*** Opening of Information ***

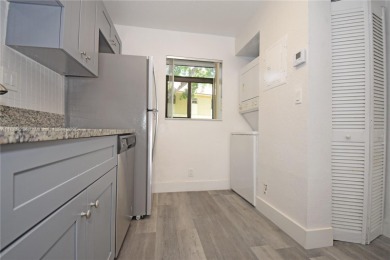 Move-in ready 1-bedroom, 1-bath first-floor condo in the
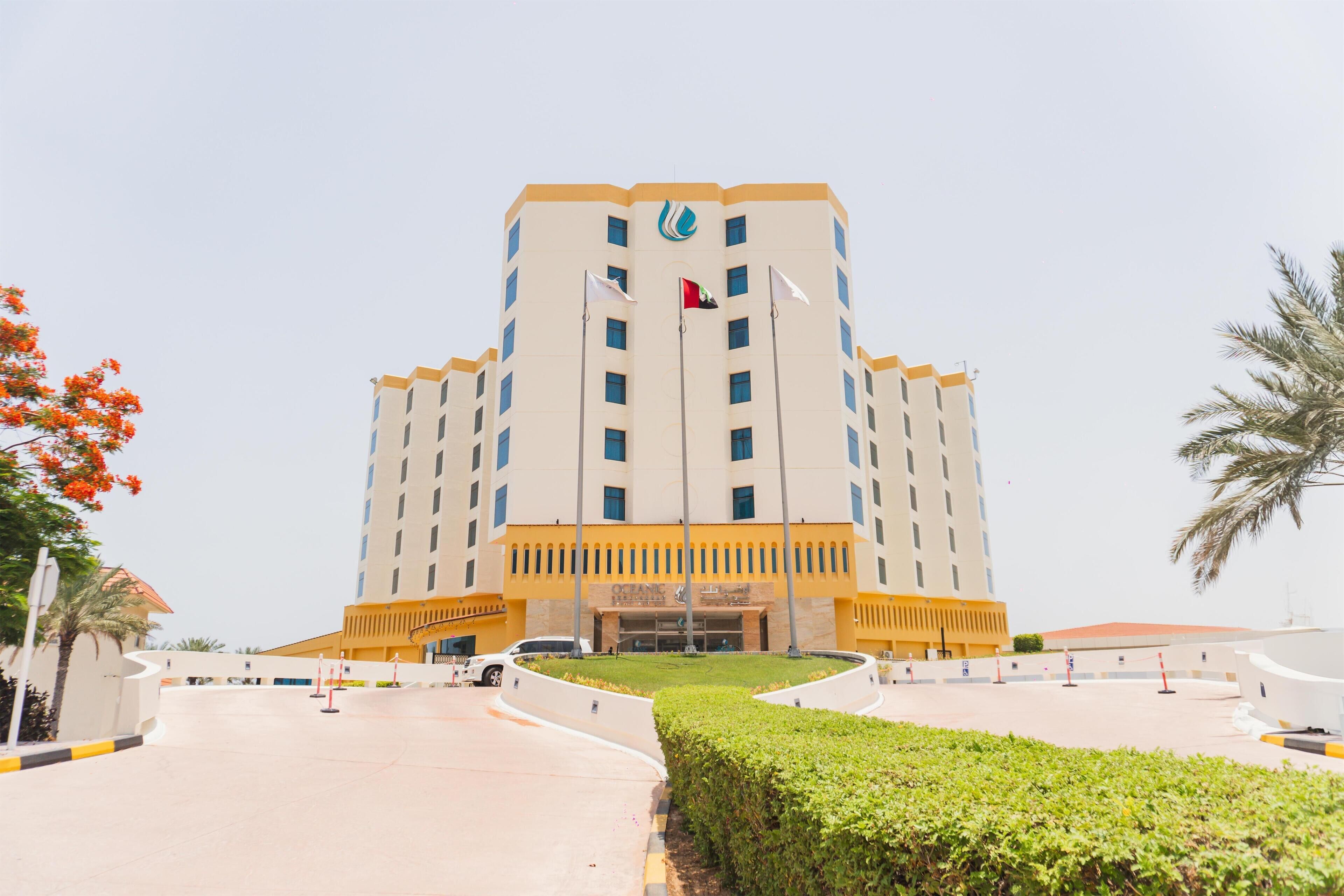 A multi-story hotel with a central entrance, flagpoles, and a landscaped courtyard.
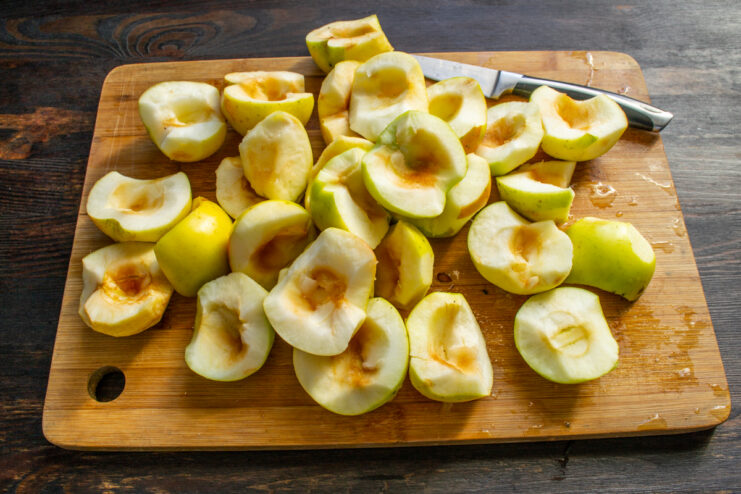 Prepping the Apples Chopped and cored apples with skin on a wooden cutting board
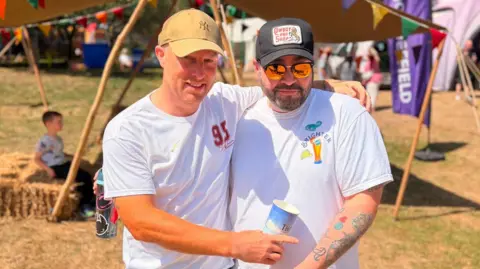 Two men in white t-shirts and caps. One points at the tattoo on Hefty's wrist.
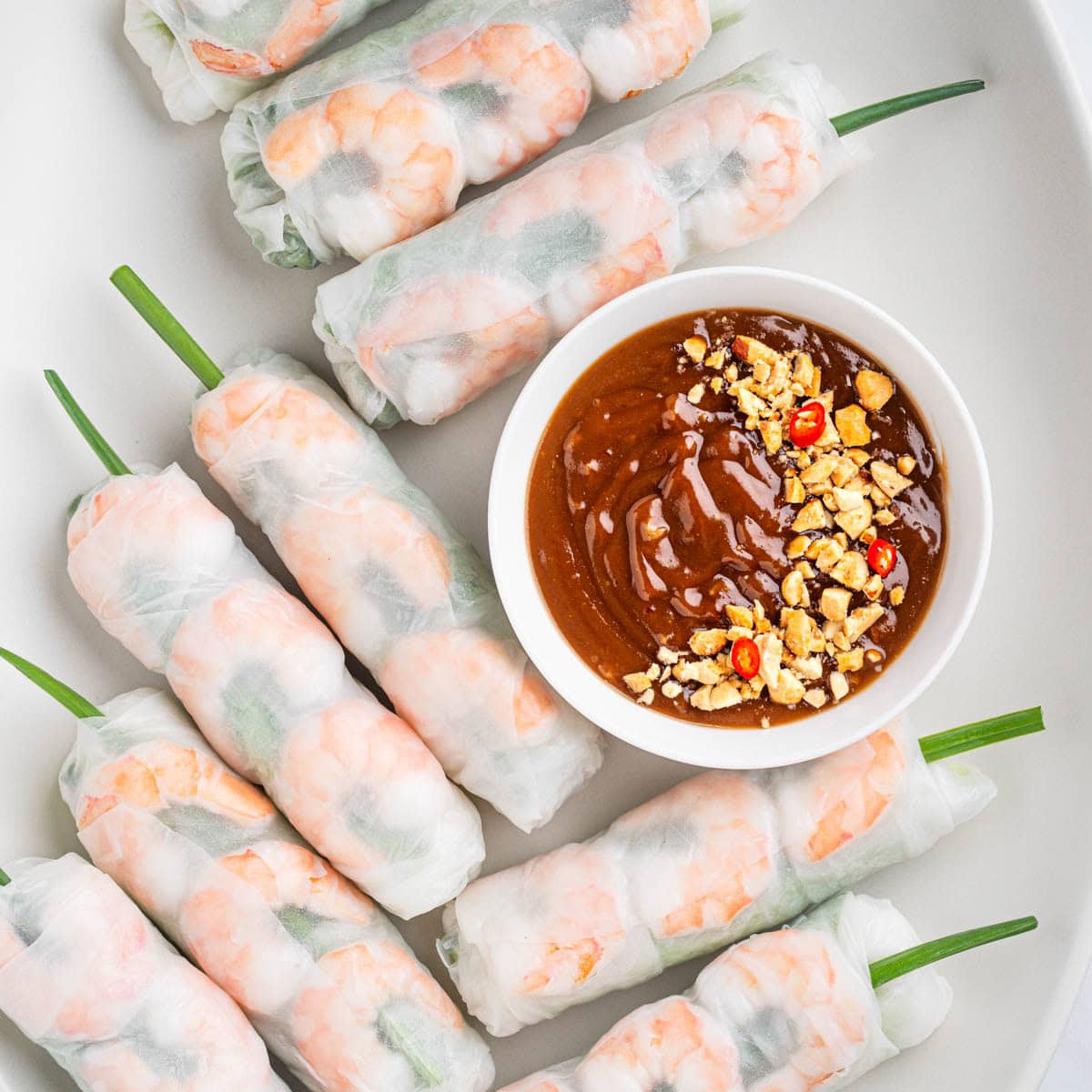 spring rolls goi cuon with peanut sauce on a plate.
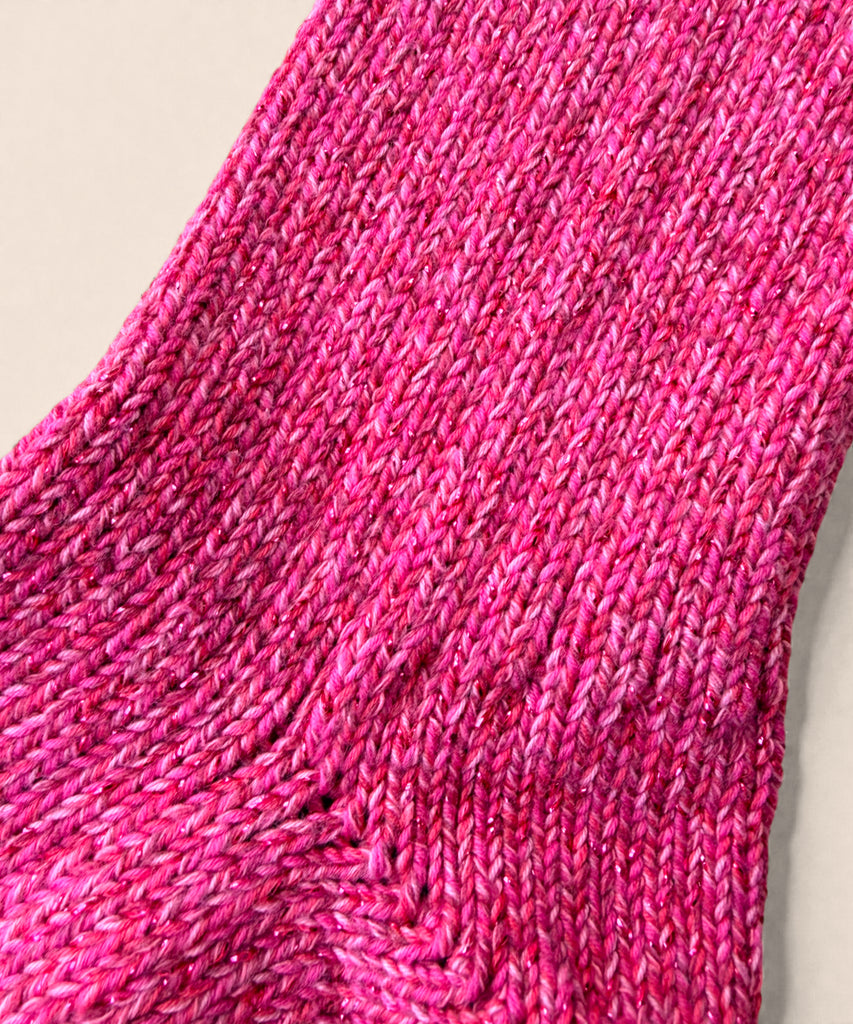 A close up of a pair of bright pink glittery knitted cotton socks on a beige background. 
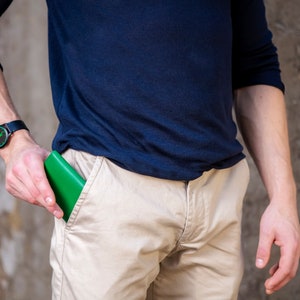 Pode incluir: Uma pessoa vestindo uma camisa azul e cal&ccedil;as c&aacute;qui com uma carteira verde no bolso de tr&aacute;s.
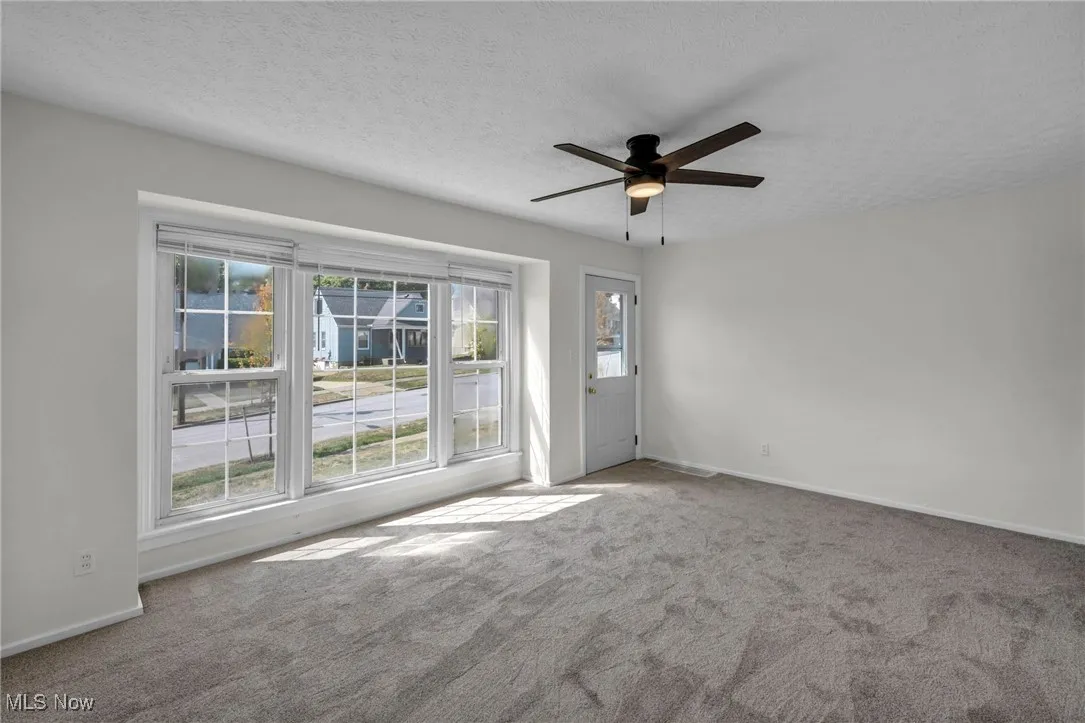 Empty room with healthy amount of natural light, a textured ceiling, a ceiling fan, and carpet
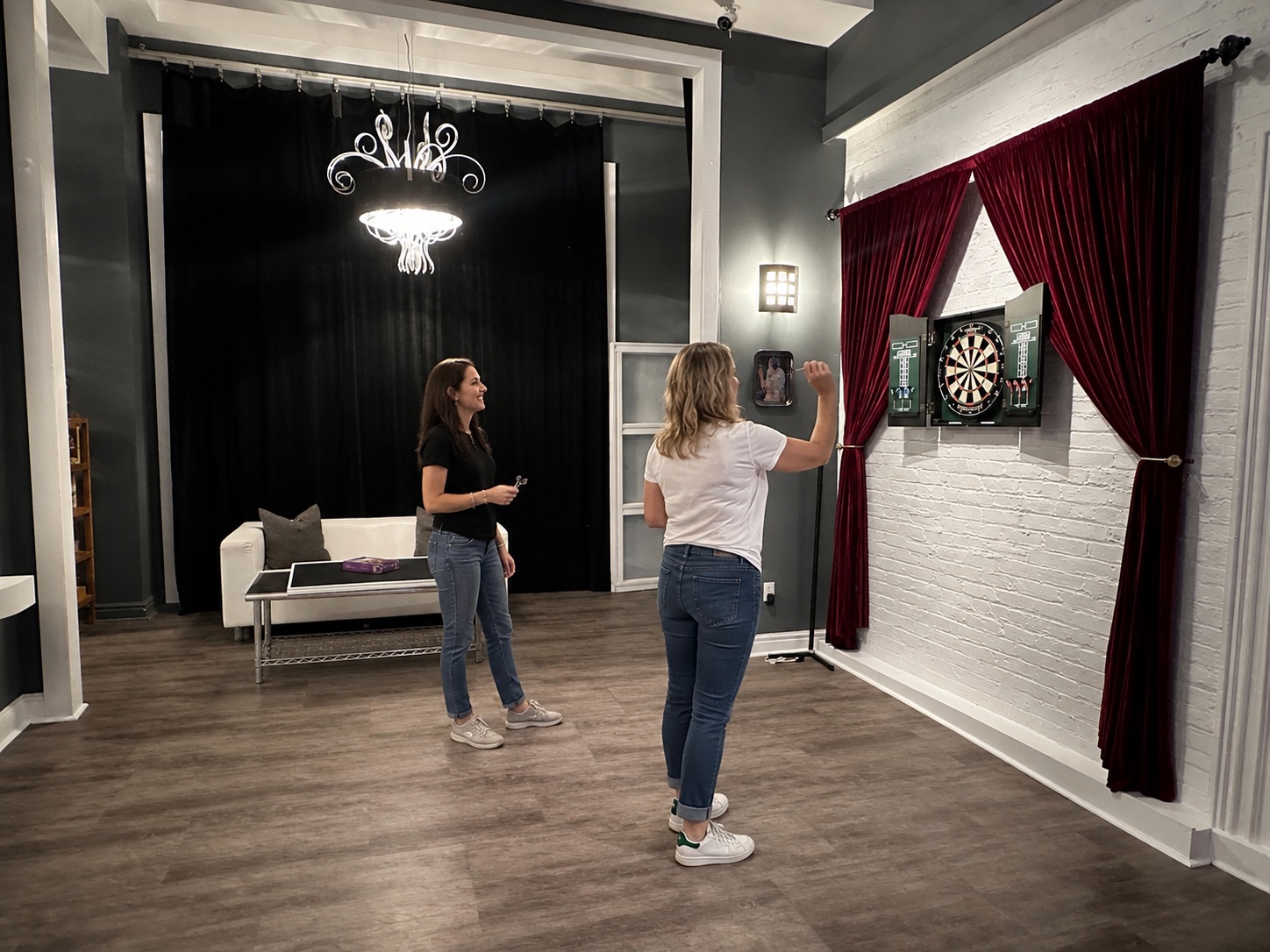 Two women enjoying a game of darts in the Bridge & Bloom lounge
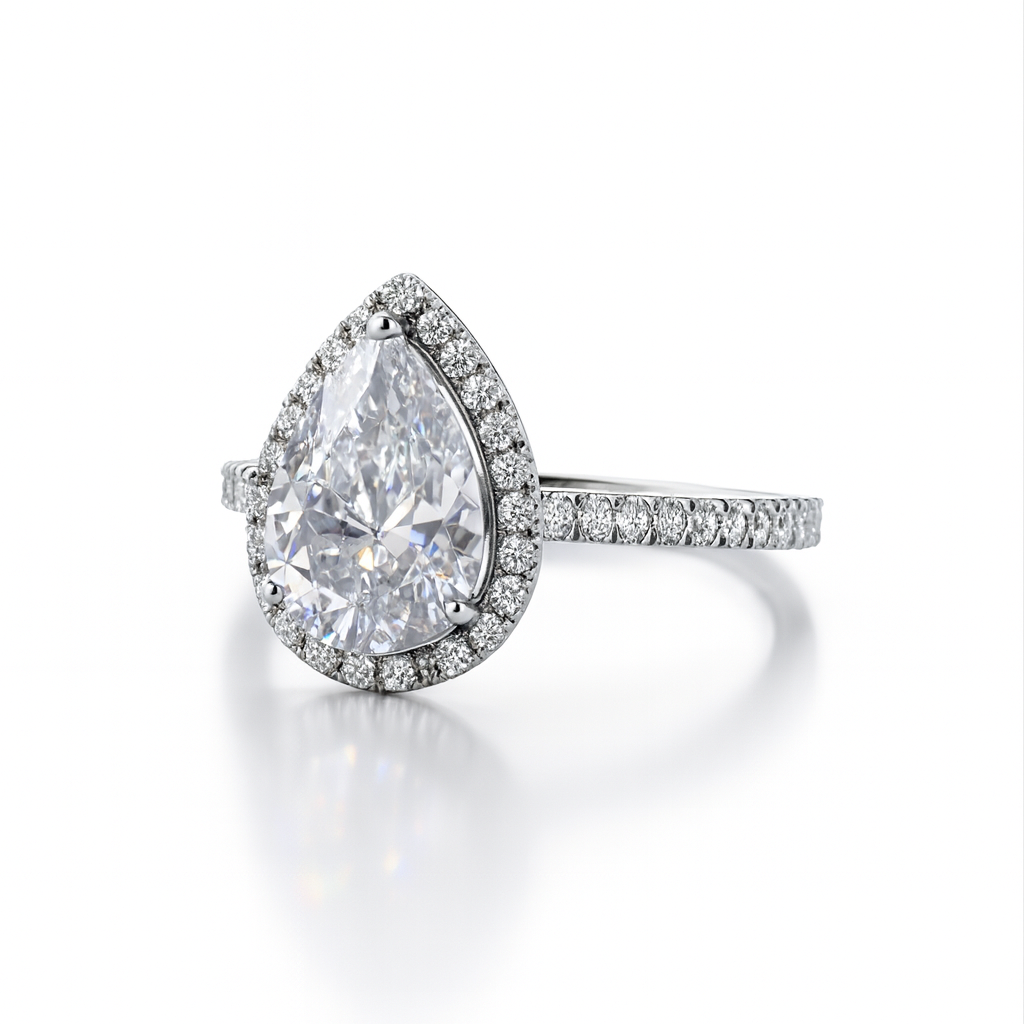 Pear shape halo pave ring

*** Close of Information ***

* How to complete this task *
With the pictures left aside, write out all of the records above exactly.

* Written response *
 Move-in ready 1-bedroom, 1-bath first-floor condo in the
 A multi-story hotel with a central entrance, flagpoles, and a landscaped courtyard.
 Prepping the Apples Chopped and cored apples with skin on a wooden cutting board
 Two men in white t-shirts and caps. One points at the tattoo on Hefty's wrist.
 spring rolls goi cuon with peanut sauce on a plate.
 A close up of a pair of bright pink glittery knitted cotton socks on a beige background. 
 Pode incluir: Uma pessoa vestindo uma camisa azul e cal&ccedil;as c&aacute;qui com uma carteira verde no bolso de tr&aacute;s.
 Empty room with healthy amount of natural light, a textured ceiling, a ceiling fan, and carpet
 Two women enjoying a game of darts in the Bridge & Bloom lounge
 Pear shape halo pave ring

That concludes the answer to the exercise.